NEW YORK (Forex News Now) – Recently in the world of currency market trading, there have been few pairs that have been as one-sided as the U.S. Dollar / Japanese yen pair. It has simply been a one-way trade: Sell the dollar, buy the Yen, and collect your profits.
With the trend clearly down, any attempt to buy this pair is certainly folly until a nice trend line break. Currency market trading is well known to be trend-driven, and the long-term trend must be acknowledged. On a pair that has behaved like this, it means a weekly trend line is preferred, as daily trend lines are only somewhat significant, and can simply be pullbacks.
With the Japanese intervention recently, to trade this pair has been somewhat dicey, and it took real determination to do so on the short side, but it has been the correct play. With the pair hovering within 100 pips of its all-time low, there will certainly be some “bottom feeders” and “value traders” willing to step in and make a stand by buying the dollar in currency market trading. However, any attempt to rally this pair should be seen as a chance to look for more shorts until the weekly trend line is broken through.
As you can see from the attached chart, there are a couple of weekly trend lines to get through, and an area around the 85 handle that should provide significant resistance to this pair. It is entirely possible that the pressure in this pair could let up for a while, as traders take profits just above the all-time low. Quite often you will see a move like this before the market “winds up” for another attempt. Also of note, the 80 handle is just below, and that could be weighing on traders’ minds.
The fear of Japanese intervention is subsiding recently, as it has been announced that various central banks are also buying Yen, and not just traders.

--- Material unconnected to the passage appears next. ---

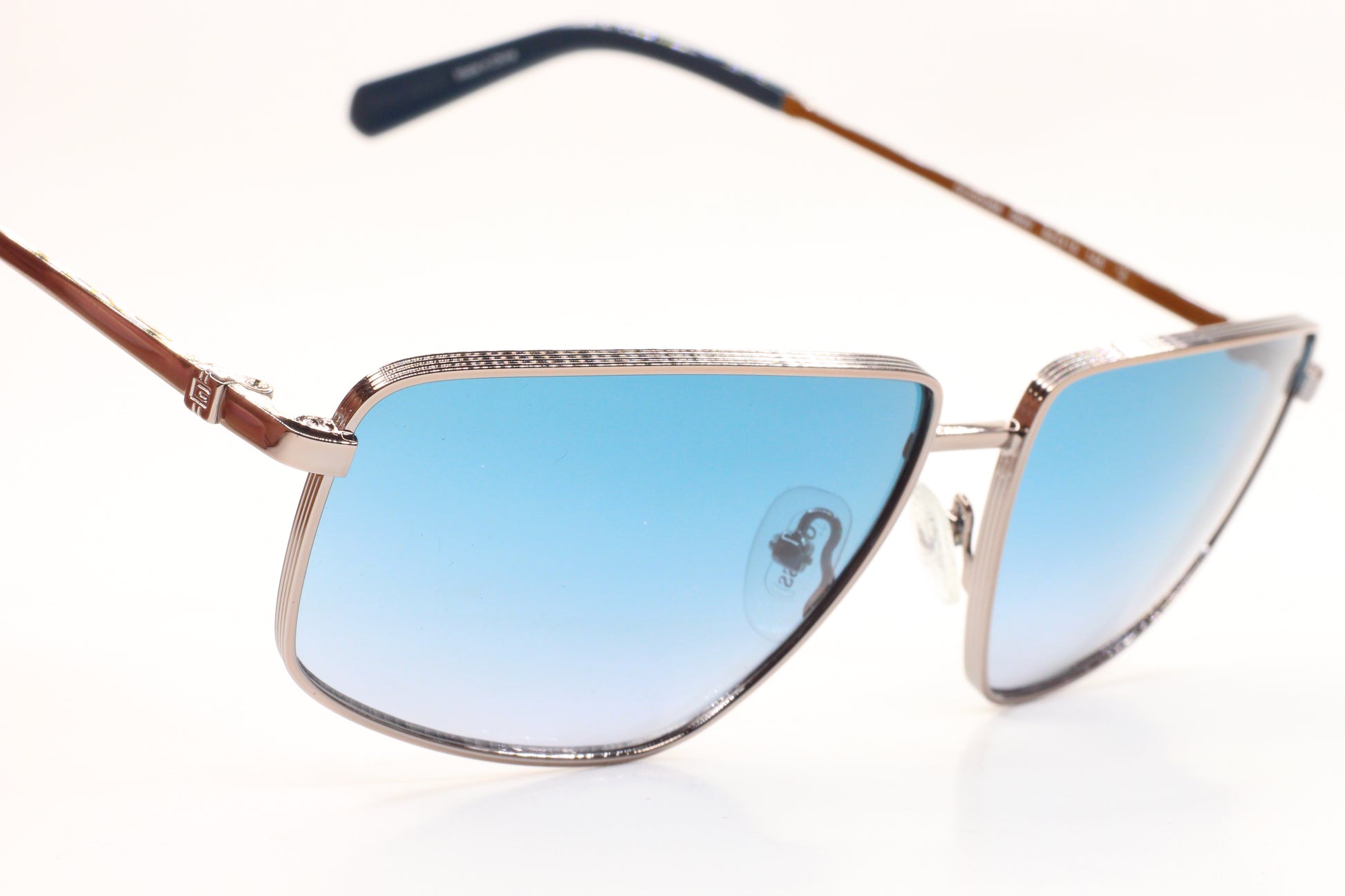 Guess silver blue gradient sunglasses with sleek metallic frame and stylish blue tinted lenses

Of note would be the Swiss, Chinese, and Koreans. Because of this, the Japanese are pretty much on their own in efforts to weaken the Yen, and as such, will more than likely have to resort to other alternatives. This will bode well for long-term shorts of the USD/JPY pair.
It should be noted however, that FX trends tend to last for roughly 3 years. Right about as long as this one has. Smart money is on a form of consolidation, with a downside bias.